Participants were expected to mostly rely on the cluster-display, audio cues, and vocalisations due to familiarity (Gough, Green and Billinghurst 2006) with current car interfaces, which widely use the former two systems (Akamatsu, Green and Bengler 2013) and due to research showing higher usability of speech-based vocalisations (Forster, Naujoks and Neukum 2017).
The non-normally distributed results for reaction time, driving performance, and subjective workload (Eriksson and Stanton 2017) demonstrate considerable differences among drivers for the takeover. Therefore, a large amount of variability in chosen customisation settings in order to increase or decrease salience was expected between participants.
A significant effect of OOTL time on customisation settings was expected due to research showing increased drowsiness for longer OOTL times (Bourrelly et al. 2019). This was believed to influence drivers’ interface requirements resulting in higher intensity characteristics for longer OOTL times.
The OOTL times, short (lmin) and long (10 min), were expected to significantly affect the takeover time needed. This also tests whether the findings in Bourrelly et al. (2019) are observable for short and long OOTL times.
The data analysis was performed using ‘IBM SPSS© Statistics 25’, and the significance threshold was set at 0.05. The statistical methods to be applied were chosen based on Field (2017).
To measure to what extent participants explored specific settings, the number of changes of each setting over all participants and over all trials was counted. In addition, the number of changes for each setting over all participants between the first and the last trial was counted. The second number was subtracted from the first to get the measurement of exploration. One change constitutes the adjustment from ‘On’ to ‘Off’, or vice versa.
The effect of OOTL time sequence on the binary settings was analysed using between-subjects, Pearson chi-square because of their categorical character. Since the Pearson chi-square test needs to be performed for each binary setting independently, only statistical results for significant observations are reported.
The nonparametric Wilcoxon signed-rank test is applied to detect significant effects of OOTL time on the binary settings since OOTL time is a within-subject variable. Again, only statistically significant results are reported due to the number of tests performed.
Ordinal Settings and Takeover Time
The Kolmogorov-Smirnov (K-S) test was used to test the ordinal settings and takeover time for normal distribution. No test was performed for the ordinary setting ‘Vibrate’. Because of its small number of levels, a normal distribution is not expected.
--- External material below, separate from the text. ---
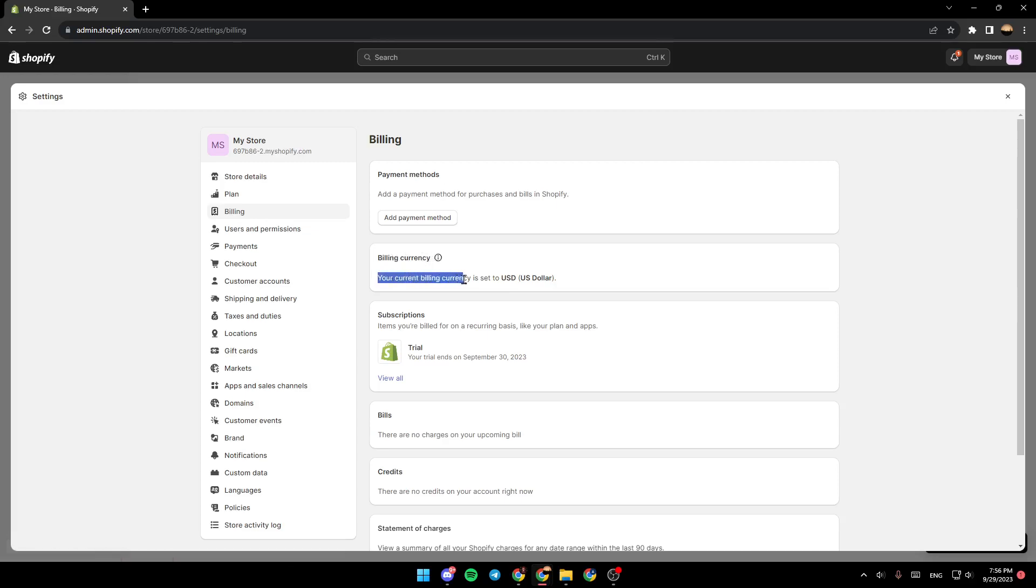Here you're gonna find your current billing currency is set to USD. So that's how you check your current currency. So this is it guys for today's video.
Because of the interval character of the ordinal settings and the expected non-normal distribution of takeover time (Eriksson and Stanton 2017), the effect of OOTL time sequence and age on these was tested using the Kruskal-Wallis test. When significance was detected, potential linear trends were assessed using a Jonckheere-Terpstra test.
For the effect of OOTL time on ordinal settings and takeover time, the Wilcoxon signed-rank test was applied. For the same reasons as before, only statistically significant results are reported.
Hierarchical agglomerative cluster analysis (Everitt et al. 2011; Langdon et al. 2003) was used to group participants and interfaces based on similarities in their final customisation profiles. The decision to apply cluster analysis is based on its wide application to divide human participants into homogenous groups as used in market research and psychiatry (Everitt et al. 2011). The measured similarity can be interpreted as the psychological distance participants perceived between option settings (Langdon et al. 2003; Nosofsky 1985).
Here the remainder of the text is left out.